Après une brève et vibrionnante période de travaux menés tambour battant, le musée d’Art moderne de Paris – son nouveau patronyme – rouvre ses vastes salles. Moins un lifting qu’un ressourcement, puisqu’il s’agit de rester fidèle à l’esprit du bâtiment originel de 1937 : lumière généreuse, amplitude de l’espace. Lesquels deviennent des écrins spacieux pour un nouvel accrochage des expositions permanentes, mais prêtent aussi leurs confortables volumes à la collection des oeuvres de Lafayette Anticipations. Soit une façon de ratifier les noces de l’art contemporain, dans ce qu’il a de plus audacieux et de plus défricheur, avec la grande tradition moderne dont le MAM est moins le gardien que le cicerone, vigilant et accueillant. Pas de syndrome du sanctuaire pour initiés, ici : tout est fait pour attirer les plus jeunes, les moins familiers de l’art.
Mais l’imposante cerise sur le gâteau, déjà monumental, des lieux, c’est la prodigieuse expo Hans Hartung (1904-1989) : une efflorescence d’images (300 pièces grosso modo), un bouillonnement ininterrompu de créativité (mention spéciale aux dernières salles, où Hartung s’essaie à à peu près tout, grattages, peinture vinylique industrielle).
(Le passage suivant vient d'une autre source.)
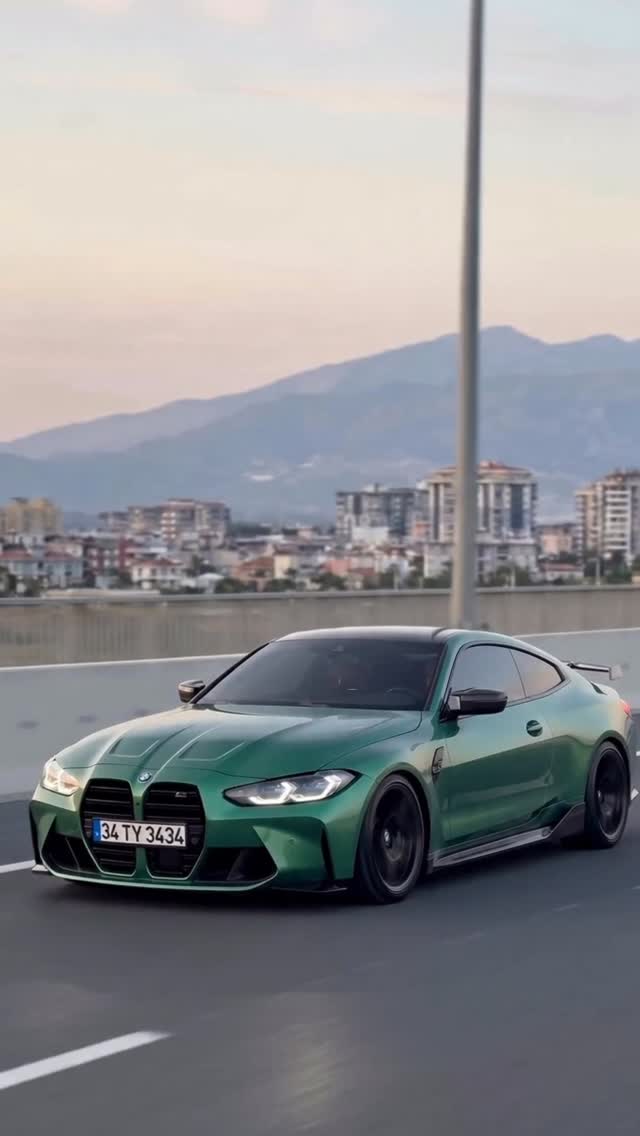 Aracının yol videolarını oluşturmak için -> @tuneryapp 🫠
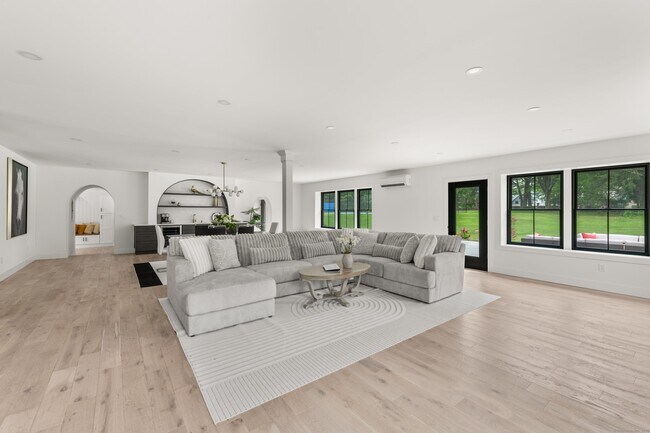 Building Photo - 372 Tucker Hill Rd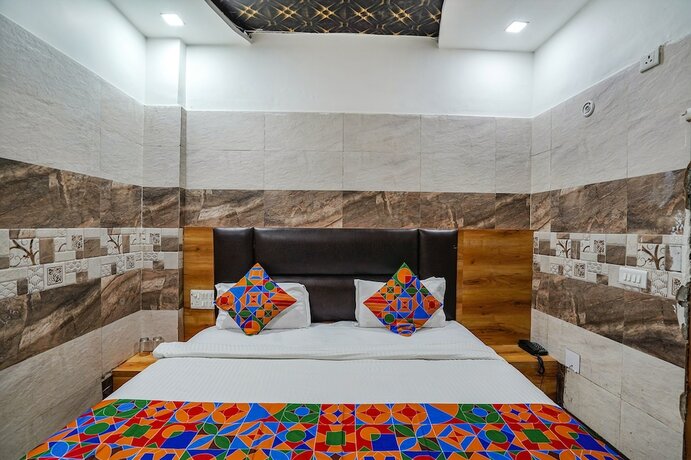 Imagen general del Hotel Fabhotel Rv Palace. Foto 10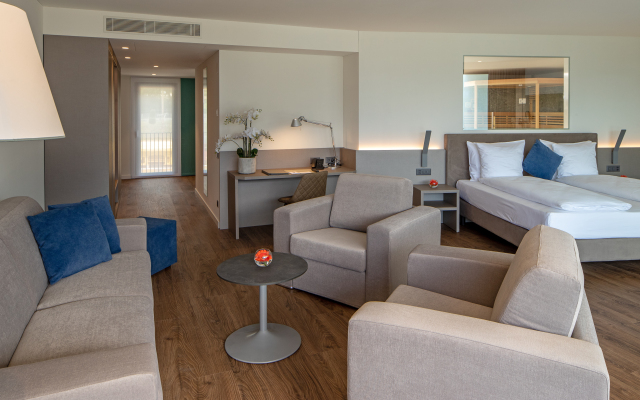 Hotel & LOUNGE LAGO MAGGIORE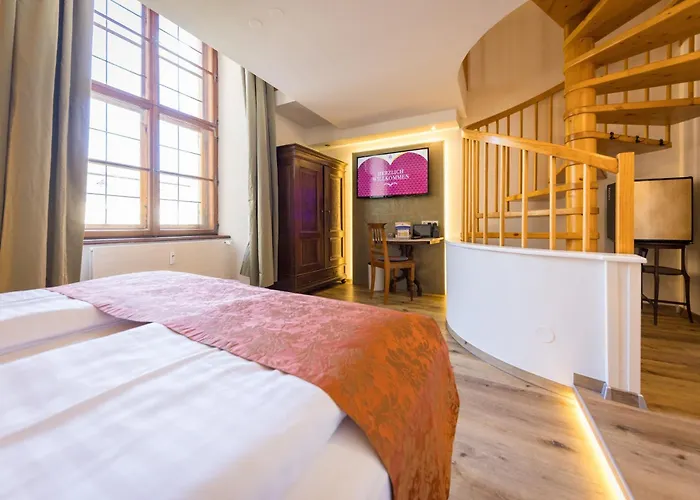 מלון Schlosshotel Mondsee 4*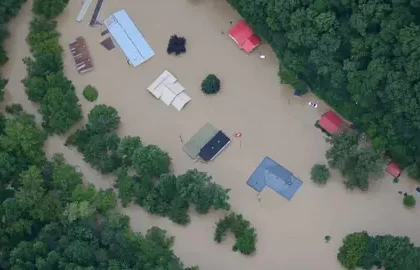 "كارثة مناخية في الولايات المتحدة" قتلى وانقطاع كهرباء واسع.. ماذا يحدث في ولاية كنتاكي؟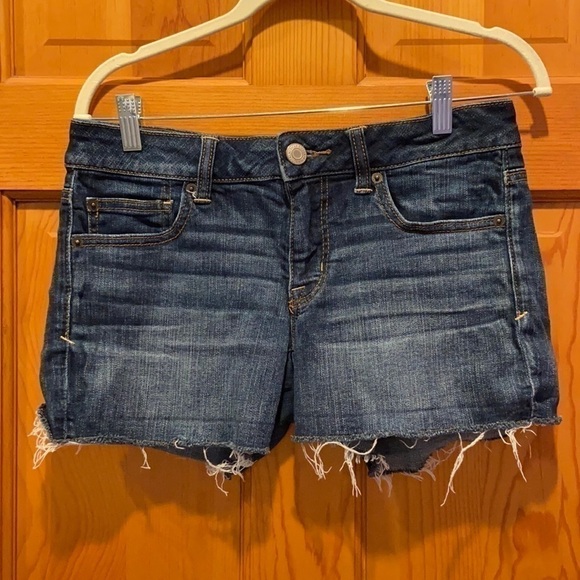 American Eagle Super Stretch Dark Wash Denim Shorts with Frayed Hem Size 6 - Picture 1 of 2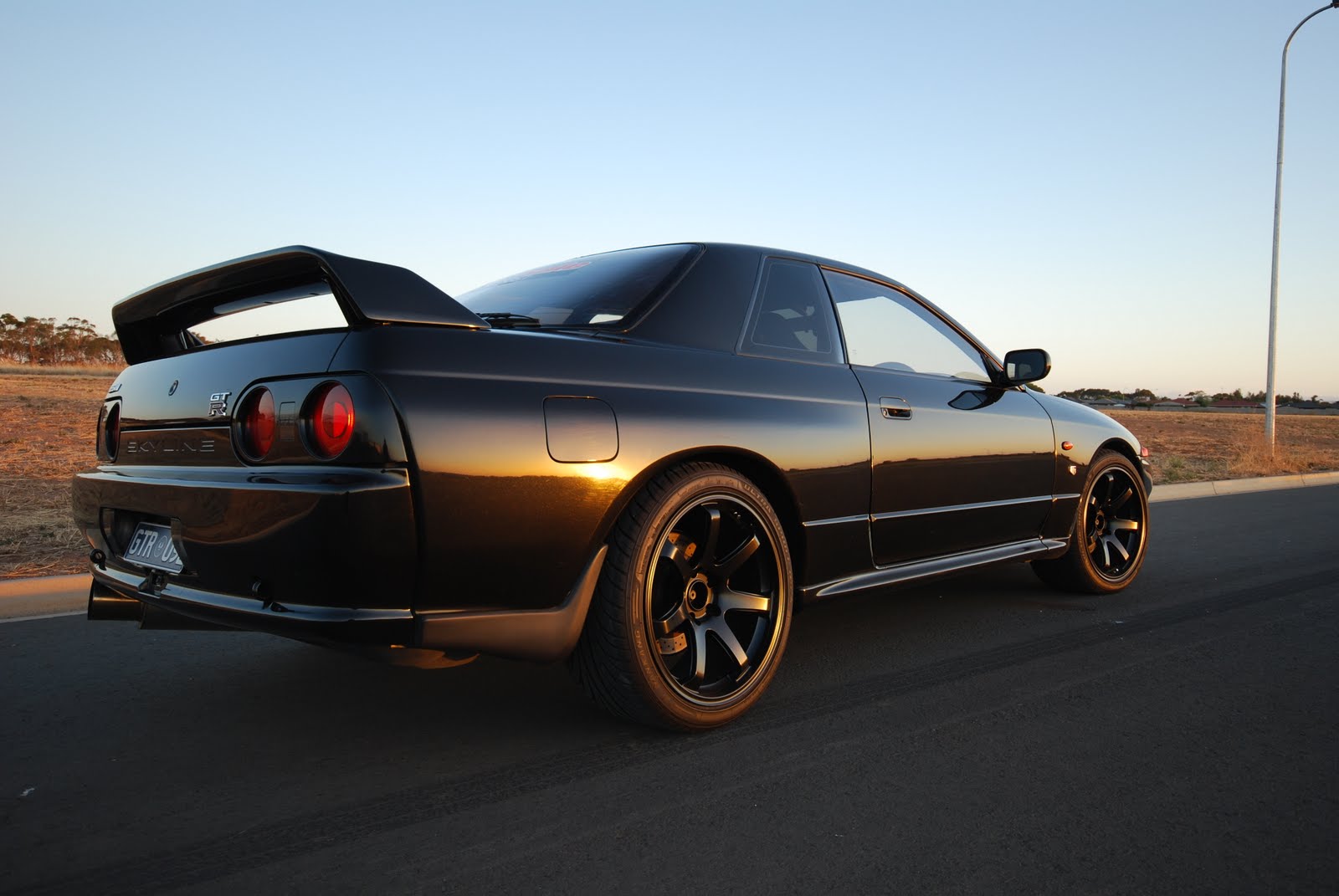 Nissan_R32GTR_Rearview.jpg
Il fallait bien ça pour balayer une vie secouée par les convulsions de l’Histoire : l’antinazi farouche qu’est Hartung perdra ainsi une jambe dans les rangs de la Légion étrangère en 44. Mais surtout, cette rétrospective – la première sur le sol français depuis 1979 – est à la mesure de la place de l’homme dans l’Histoire de l’art : immense.
Car Hartung, on le sait, fut un inlassable pionnier de l’abstraction, réinventant sans cesse le geste de la peinture, renouvelant ses matériaux, ses outils (certains apparemment incongrus, serpette, tyrolienne, sulfateuse à vignes), et jusqu’à la figure du peintre : installé à Antibes à partir de 1973, son atelier est une ruche qui, souligne Odile Burluraux, la commissaire, a quelque chose de la Factory warholienne : intense productivité, concours d’une nuée d’assistants…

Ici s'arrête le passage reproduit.